### EXERCISE BRIEF
Reproduce from the records below, with no pictures, exactly the lines between the one containing "markbowie online show" and the one containing "तैरते मिले Tamil", inclusive.

### EXERCISE MATERIAL
-------

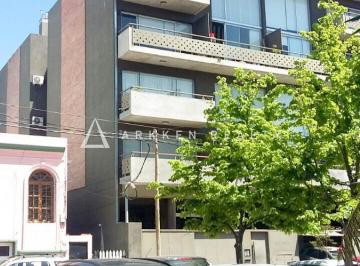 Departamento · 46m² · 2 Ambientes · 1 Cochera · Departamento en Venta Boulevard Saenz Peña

-------

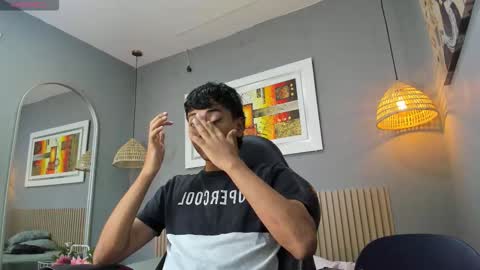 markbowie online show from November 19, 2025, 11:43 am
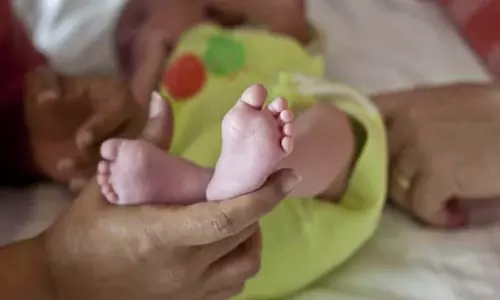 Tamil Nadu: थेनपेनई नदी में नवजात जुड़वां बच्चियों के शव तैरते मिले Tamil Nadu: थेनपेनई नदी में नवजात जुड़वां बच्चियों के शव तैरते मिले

-------

### SOLUTION TO THIS PROBLEM
 markbowie online show from November 19, 2025, 11:43 am
 Tamil Nadu: थेनपेनई नदी में नवजात जुड़वां बच्चियों के शव तैरते मिले Tamil Nadu: थेनपेनई नदी में नवजात जुड़वां बच्चियों के शव तैरते मिले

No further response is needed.